A new analysis by the Pesticide Action Network North America (PAN) draws a disturbing connection between pesticides in our food system and serious health problems among women and children. The report reviews empirical research linking agricultural chemicals to birth defects, neurological disorders, childhood cancers and reproductive problems.

Some of these chemicals make their way into the foods we eat, but they are more acutely concentrated in the environments surrounding farmlands. Children in or near farming areas can be exposed through myriad channels, from contaminated soil to the air in playgrounds.

But children in farmworker communities are especially at risk. While the report confirms the growing public concerns about health risks permeating our food chain, it also shows how socioeconomic inequalities can shovel many of the worst effects onto exploited, impoverished workers.

There’s been much public debate over the importance of organic produce, sustainable farming and regulating genetically modified foods–usually spurred by concerns over consumer health or animal rights. We hear less about the safety concerns that affect the workers who handle our fruits and vegetables before anyone else. For many Latino migrant workers, there’s no equivalent of a comprehensive safety label–no option to avoid the ubiquitous poisons in the field. Many worry that to complain about working conditions would mean being fired. Others simply–and quite reasonably–have little faith in the anemic government regulatory systems.

PAN cites research showing that pesticide injuries are prevalent among agricultural workers. Various studies cited in the report also suggest an epidemic of chemical “drift” from fields into nearby homes and neighborhoods. According to a 2009 report by the advocacy groups Earth Justice and Farmworker Justice (FWJ), “a growing number of epidemiological studies link pesticide drift to specific adverse health effects in humans, including autism spectrum disorders, Parkinson’s disease, and childhood acute lymphoblastic leukemia.”
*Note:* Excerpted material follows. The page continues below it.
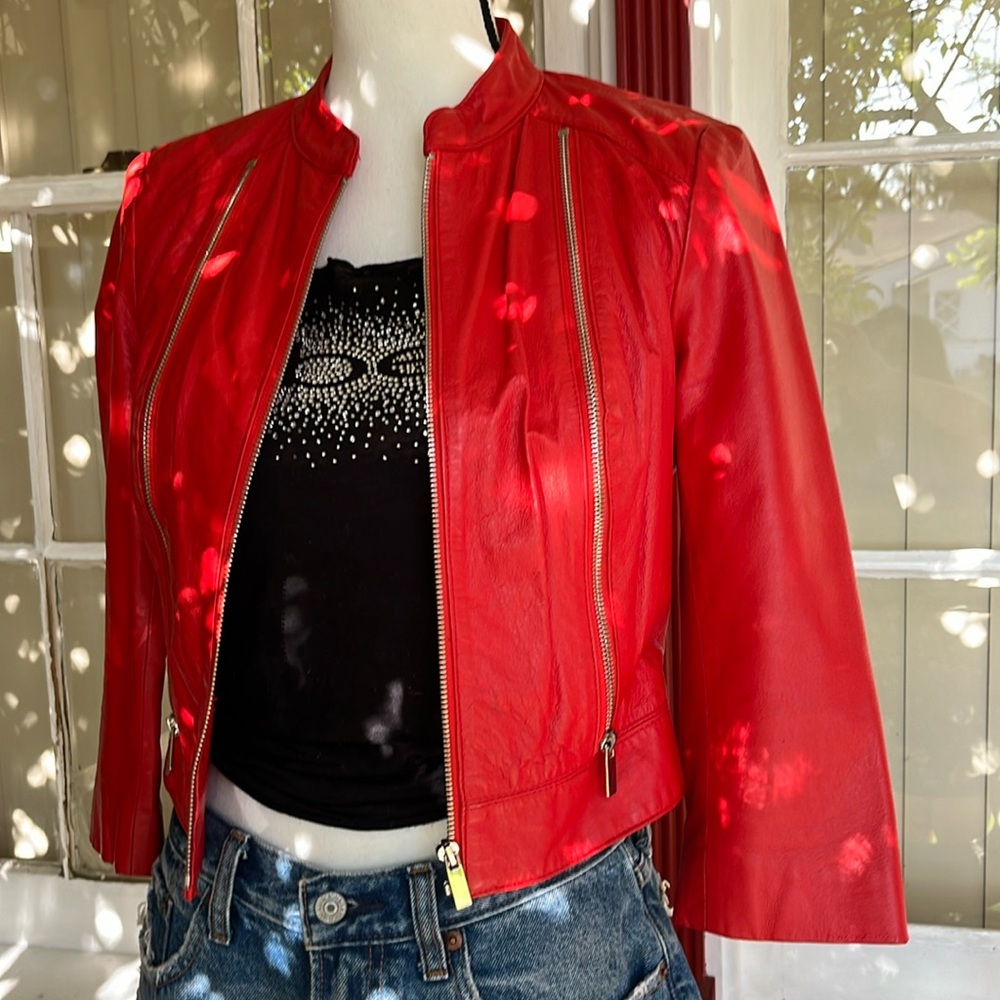 Genuine Leather Jacket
While the problem is politically invisible, the effects are all too apparent. The PAN report describes the experience of Ana Duncan Pardo, a community health activist in North Carolina, who had a jarring encounter with farmworker families:

Within five minutes I had noted multiple cleft palates and several children with apparent Down Syndrome…. It was shocking and disturbing to walk into a room with a group of parents and children that easily represented three to four times the national average for birth defects.

The effect is likely compounded by the widespread use of child labor in agriculture–children barely in their teens can legally work on farms. That puts kids in daily contact with toxins that could irreparably harm their brains and bodies.

A FWJ briefing paper points to a history of vast dissonance between the federal regulation of harmful pesticides for heavily exposed workers, and parallel standards for the general public. The Federal Insecticide, Fungicide, and Rodenticide Act establishes public health-based safety protections, for example, but environmental advocates point out that farmworker families’ health vulnerabilities are neglected and essentially ignored in regulatory assessments of the social costs of industrial pesticide use.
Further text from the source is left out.